Os recursos excepcionais sofreram alterações que os tornam mais eficientes (CPC, arts. 1.029 a 1.041). Com isso, quer-se dizer que há modificações interessantes, todas com o objetivo de fazê-los gerar decisões de mérito, como, por exemplo, dispositivos que desencorajam a jurisprudência excessivamente rigorosa quanto à admissibilidade, dita “jurisprudência defensiva” (v. texto próprio sobre o tema nesta obra).

Na redação original do CPC, o juízo de admissibilidade dos recursos especial e extraordinário seria feito diretamente nos tribunais superiores. Uma das principais alterações trazidas pela Lei Federal nº 13.256/2016 foi justamente reestabelecer o duplo exame da admissibilidade dos recursos excepcionais, com a justificativa de que seria impossível concentrar tudo nas instâncias superiores, sem estrutura física e de recursos humanos para absorver toda essa demanda. Também, em função disso, foram alteradas as disposições que tratavam do agravo em recurso especial e extraordinário (v. CPC, art. 1.042).

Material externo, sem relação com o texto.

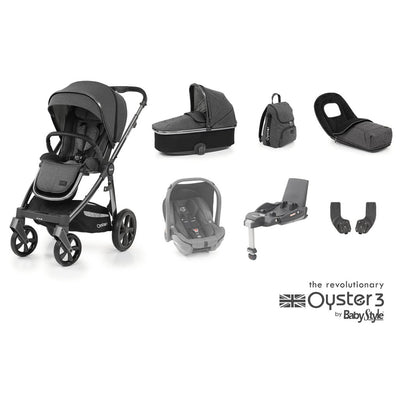 Bambinista-BABY STYLE-Travel-OYSTER 3 Travel System (7 Piece) Luxury Bundle With Maxicosi Pebble 360 Car Seat - Fossil
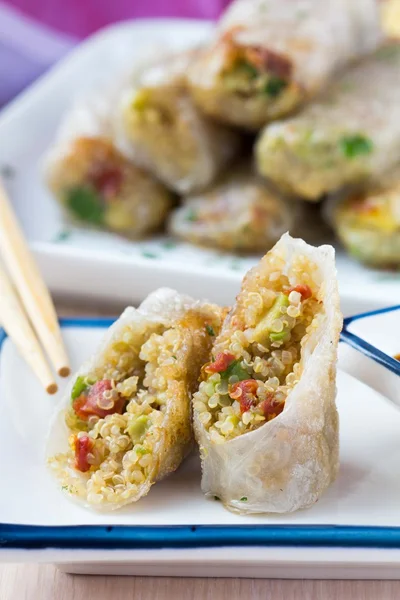 Asian spring rolls stuffed with quinoa, vegetables, crisp — Stock Photo, Image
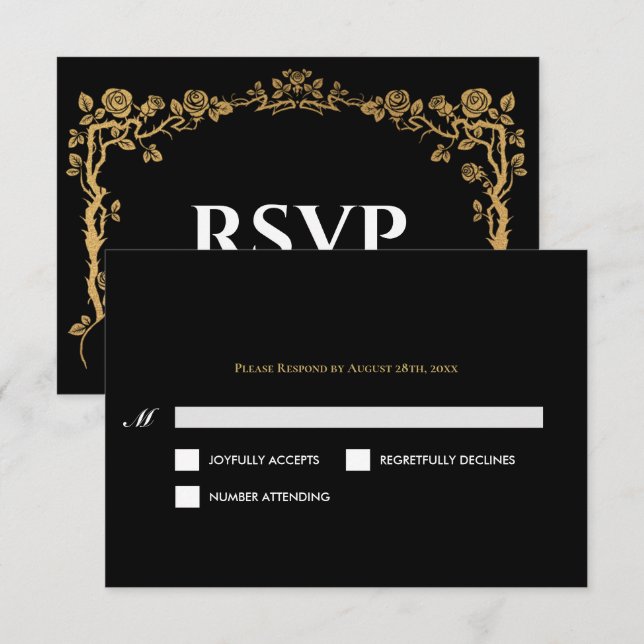 Elegant black and gold Gothic Wedding RSVP Card (Frente/Verso)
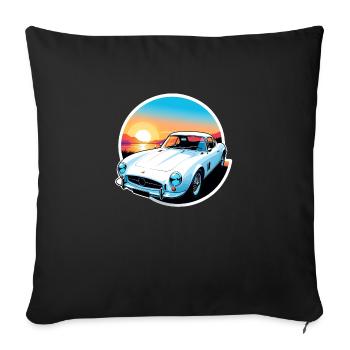 voiture vintage couché de soleil - Housse de coussin décorative 45 x 45 cm - noir - Devant
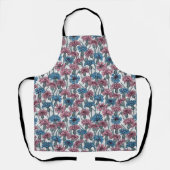 Roze en blauwe bloemen, wilde bloemen op wit schort (Voorkant)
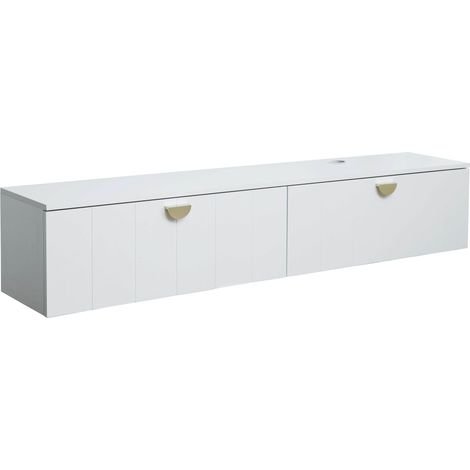 Meuble TV suspendu 160 cm moderne blanc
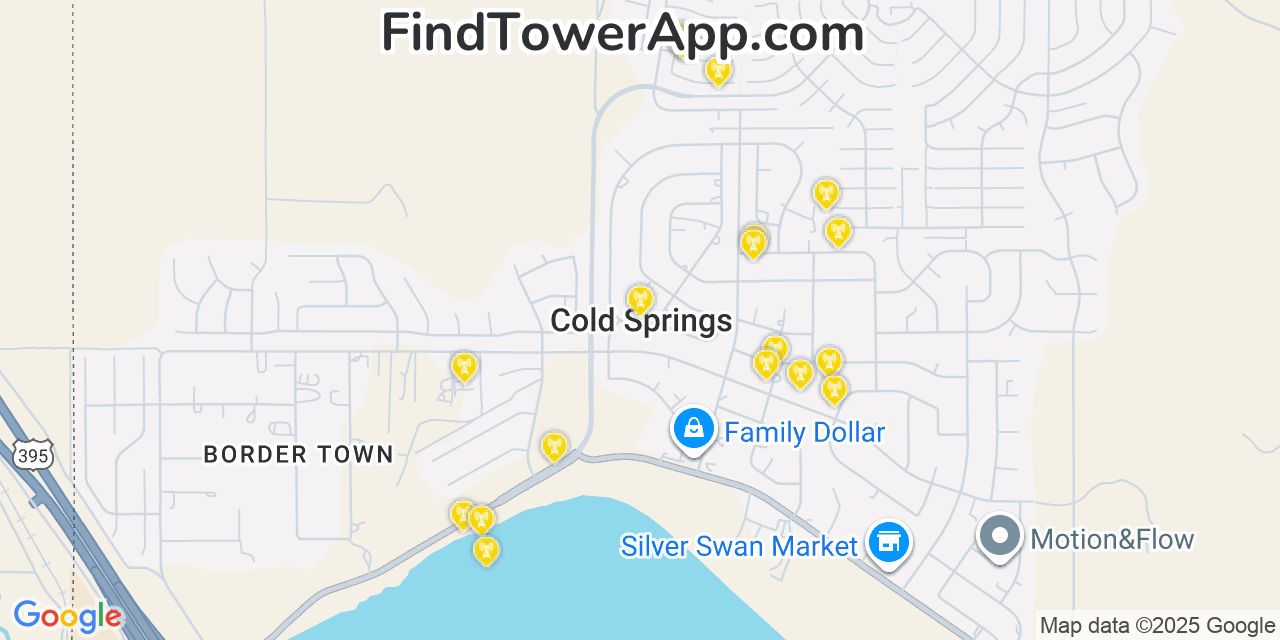 Map showing the 20 primary cell tower locations detected in Cold Springs, Nevada from AT&T, Verizon, and T-Mobile networks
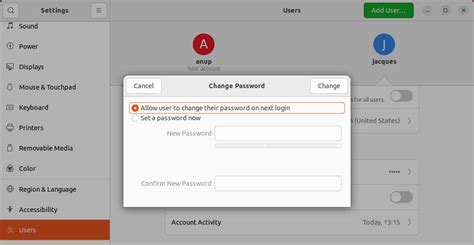 how to change password in linux ubuntu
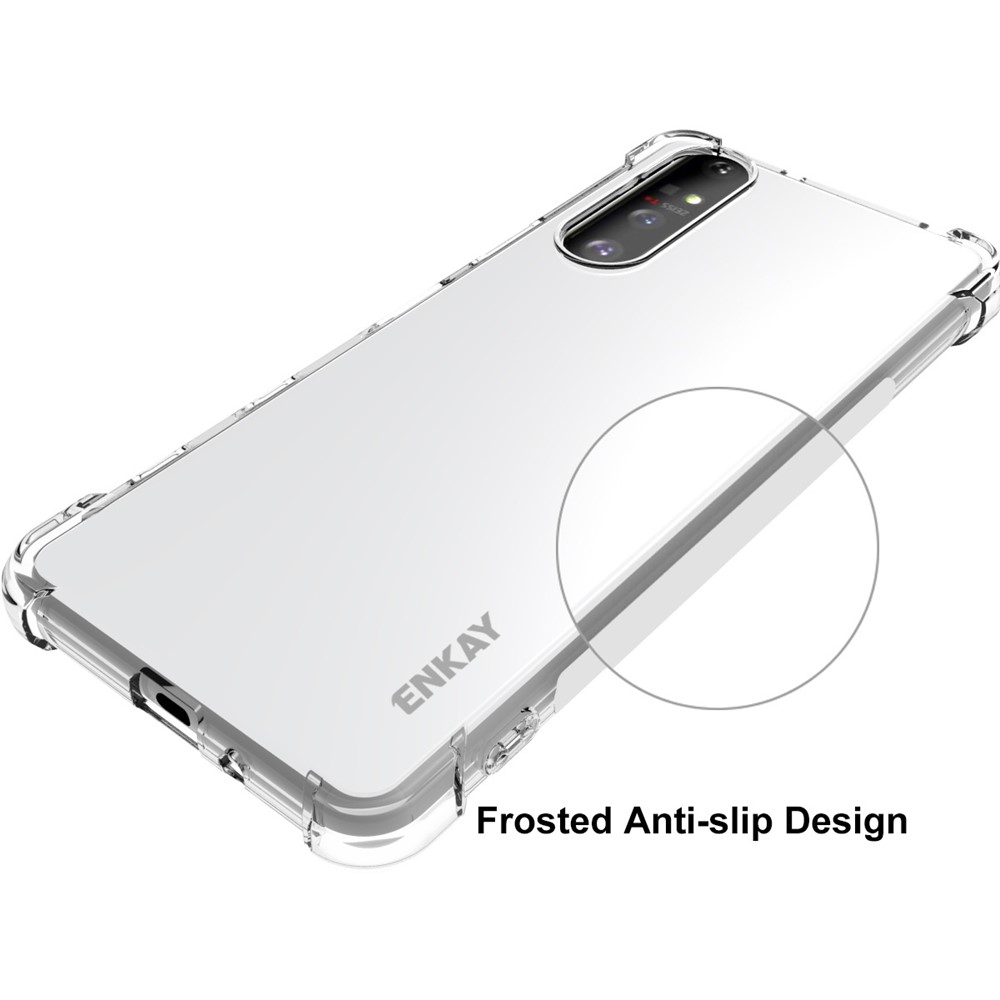 ENKAY HAT-PRINCE Four Corner Thickening Anti-Slip Cover Shockproof Clear TPU Case + Tempered Glass Screen Protector for Sony Xperia 5 II-4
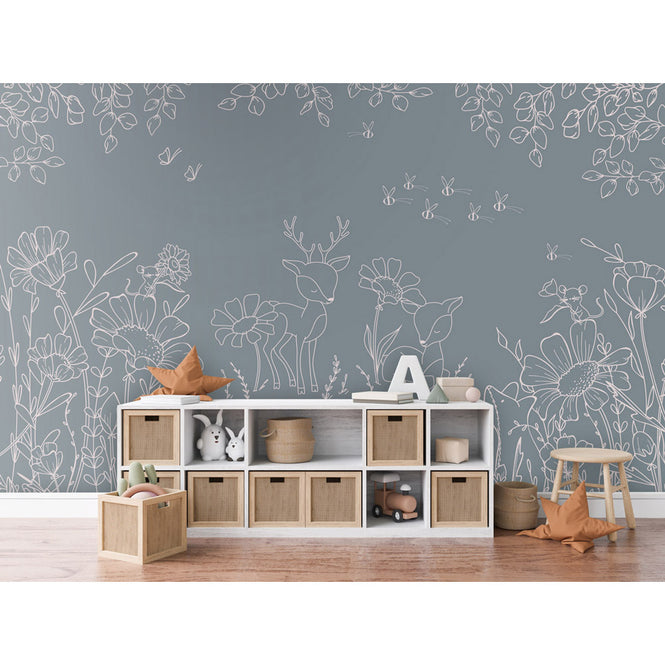 Oliver Robins / Deer Doodles - blue W17744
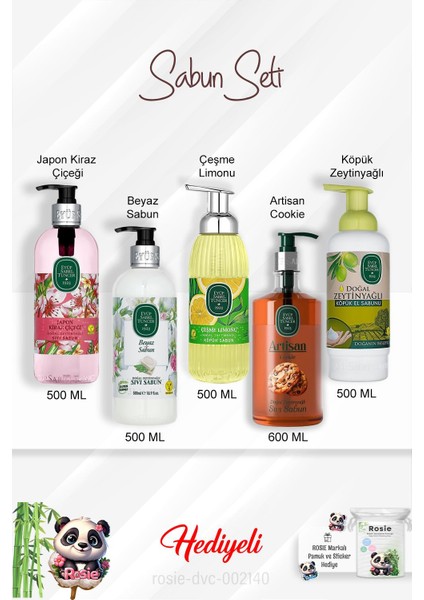 Sabun Paket Artisan Cookie, Çeşme Limonu, Japon Kiraz Çiçeği, Beyaz Sabun, Zeytinyağlı ve Rosie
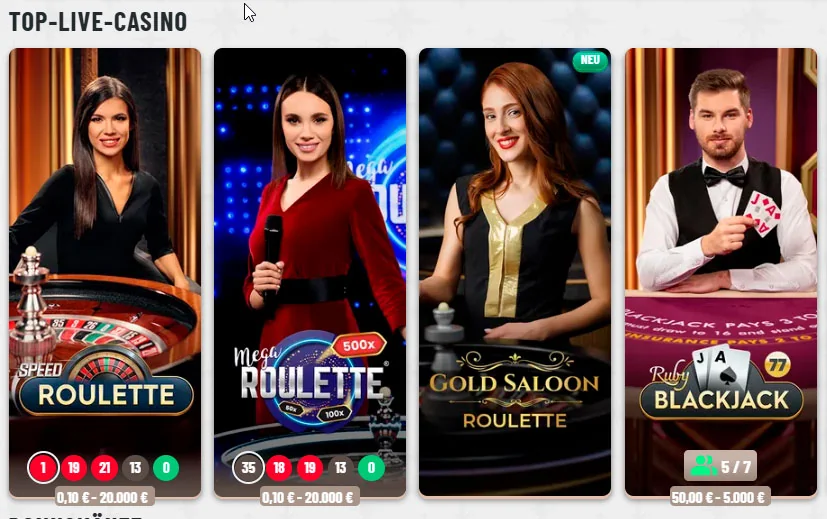 top live games wyns casino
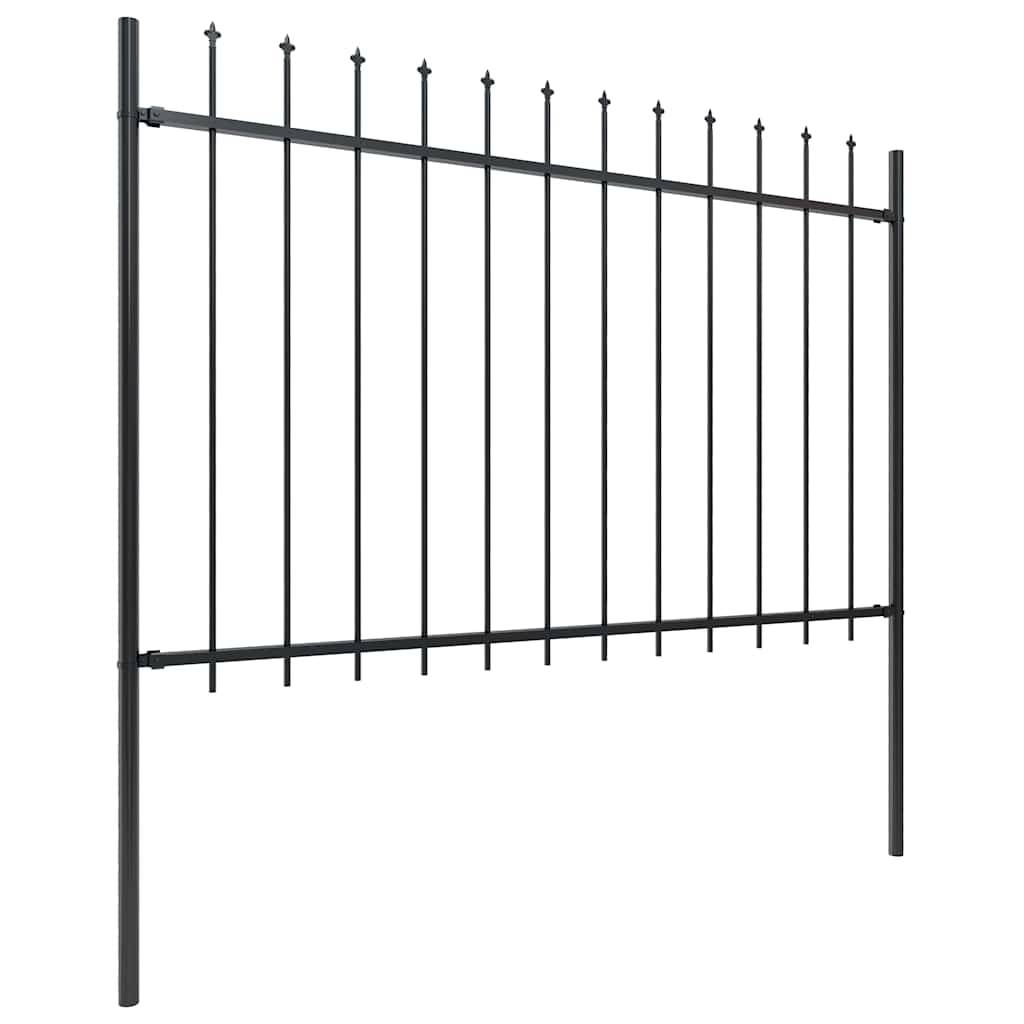 PANGIVO - Clôture de jardin acier noir 714,5 x 120 cm avec dessus en forme de lance - PANGIVO - Image 2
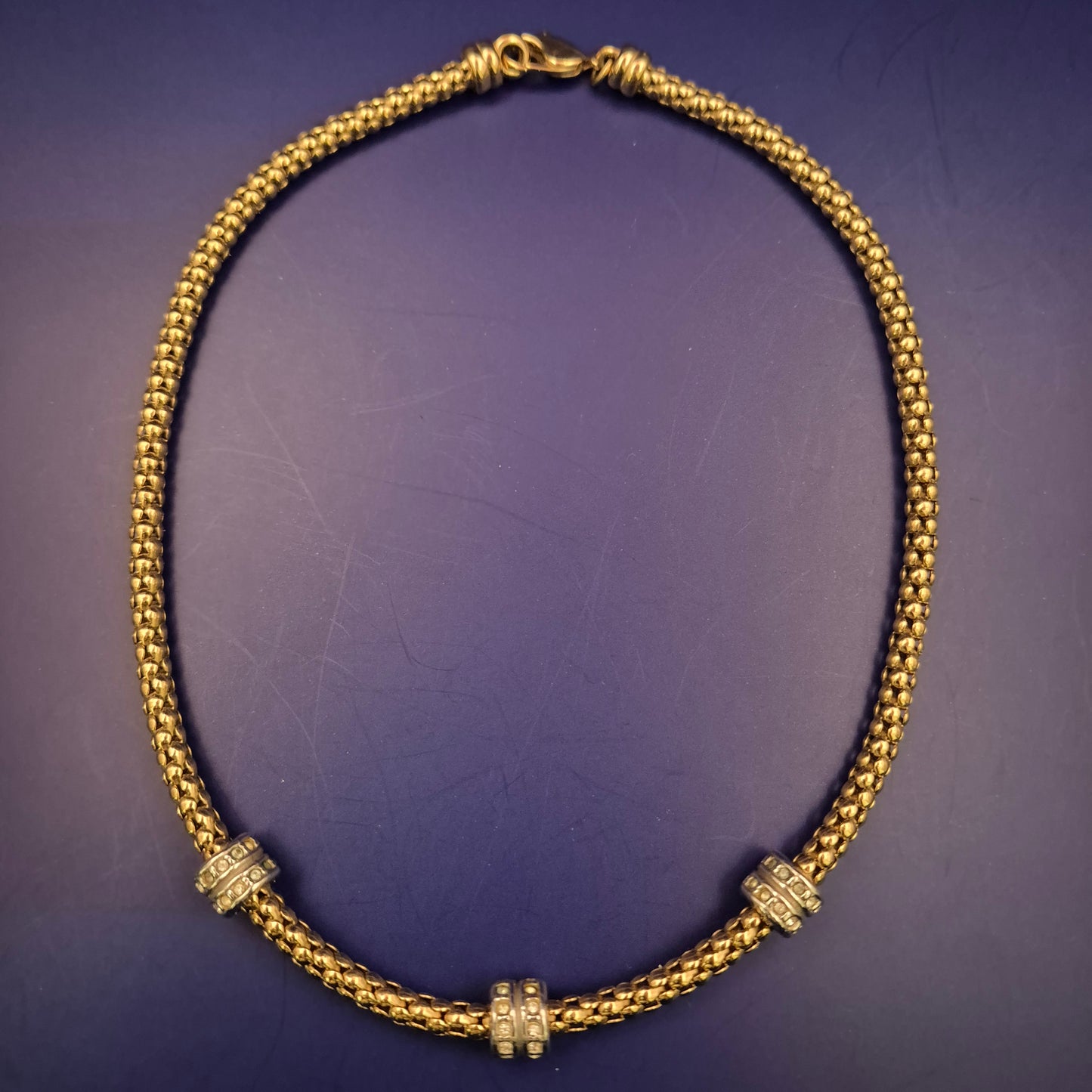 Vergoldete Damen Kette – Elegantes Design mit Strassakzenten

Deu-se ênfase às formas extrajudiciais de resolução de conflito, tendo-se, por exemplo, criado uma audiência – em que pode haver mediação ou conciliação – na qual as partes devem comparecer caso não se expressem, ambas, no sentido de não quererem, antes mesmo de ser apresentada a contestação (CPC, art. 334).

Proibiram-se as decisões-surpresa: mesmo que se trate de matéria de ordem pública, deve o juiz sempre proporcionar às partes a possibilidade de se manifestar antes da decisão (v. CPC, art. 10).

Enfim, nada há de “outro planeta”.

Mas isso, segundo a grande maioria dos doutrinadores, é muito bom! Até porque, como se sabe, alterações da lei não têm o condão de, sozinhas, fazer operar milagres. Para que a lei produza bons resultados, é necessário que seja interpretada e aplicada por homens que a compreendam e que, com boa vontade, queiram extrair dela todo o seu verdadeiro potencial.